At Wispr Flow, we are building:

  • The world’s best ASR models (context aware, personalized, and code-switched)
  • Cloud based speech processing infrastructure for 1B users
  • Personalized LLMs with token level formatting control
  • The most intuitive UX for voice interfaces across desktop and mobile devices
  • A habit forming, easy to learn interaction
  • Software (for hardware) that allows users to use voice around other people

An unordered list of short, concrete problems that we need to solve along the way:

  • Optimizing Latency. Our users expect full transcription and LLM formatting/interpretation of their speech within 700ms of when they stop speaking. Any slower, and users get impatient. We are continuously deploying larger models within this same budget - because every edit after the fact adds more time than anything else. We need to optimize model inference so we can run E2E ASR inference in <200ms, E2E LLM inference in <200ms, and have a maximum networking budget of 200ms from anywhere around the world with spotty internet connections.
  • Handling ambiguous audio. There’s inherent ambiguity in audio. Take some extreme examples: a single word audio clip. Unless you know (a) the person’s voice, (b) what kinds of topics they talk about, and (c) the surrounding context, it’s impossible to figure out with confidence what they said. We’re building context-conditioned ASR models (conditioned on speaker qualities, surrounding context, and individual history).
  • Learning from corrections. Users often correct the output of Flow dictations - we want to get these corrections down to zero. To do that, we have to figure out how to accurately capture edits on a user’s device, determine whether edits should not be repeated (and in which contexts to apply the edits), learn a local RL policy to align with a user’s particular style preference, and train a LLM to precisely follow those edits. We’re finally at a point where we can build a product that never makes the same mistake twice!
  • Personalized LLM formatting. Every person types differently - and communication styles are key to how we convey our tone in writing. Often, these differences in style are at the token level (rewrite in this way, prefer dashes or commas, skip capitalization but only in certain contexts etc).
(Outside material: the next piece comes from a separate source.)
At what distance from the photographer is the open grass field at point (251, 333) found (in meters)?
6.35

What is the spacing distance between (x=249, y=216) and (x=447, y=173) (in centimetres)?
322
The key challenge with deploying this: LLMs are phenomenal at recall, but very low precision.
  • Sub-audible speech (i.e. subvocalization). A lot of people use Flow around others, and it’s possible to speak so quietly into a microphone that nobody around you can hear you. Flow already works reasonably well in these settings, but has a higher error rate than otherwise, because no ASR systems have been trained to solve this problem. The data is also nearly impossible to label from expert labeling sources, since the audio is so quiet that without context, it’s not possible to figure out what a user has said.
  • New Habit Formation. People are generally used to typing on their computers, not speaking, and Flow is an invisible user interface. Finding ways to teach wider and wider (and less technical audiences) how to build the habit of speaking to their computers instead of typing will require innovation in UX and design. Design for new habit formation matters for the core voice dictation habit, but also for other features of the voice interface that we introduce over time.
  • Leveraging context. Given latency requirements (200ms LLM inference) and privacy constraints (most personalization data must live on a user’s device), we have to determine how to represent and store context information (i.e. a user’s dictation history or current app context) in a way that can be informative to the ASR model or to the LLM.
  • Communicating Uncertainty. The magic of voice comes from when you don’t have to look over your outputs and can use it immediately. However - that’s not always the case - and we want users to know when (and what) to review. This requires innovation in both the UX and the modeling side (for calibrated uncertainty).
  • Multilingual code-switching. Around the world, most people speak in multiple languages - often using more than one language in the same utterance. Almost no ASR models to date are particularly effective at handling this, and most speech-LLMs might understand the gist of what a person has said, but struggle to transcribe multiple languages in the same sentence.
  • Scale. Users today dictate 1 billion words a month with Flow, and we expect this to grow by another 10x in the next six months. Processing this data at 99.99% uptime with ultra-low latency is key to providing a stellar UX.
  • Hardware devices for using voice everywhere. Very soon, we’re going to hit a point where users want to use voice everywhere - including around other people. This will require innovation in hardware, form factors, and UX to design the right device for these needs. We won’t get to tackle this problem until late 2026 (at the earliest), but solving it will be necessary for rolling out voice interfaces to billions of users.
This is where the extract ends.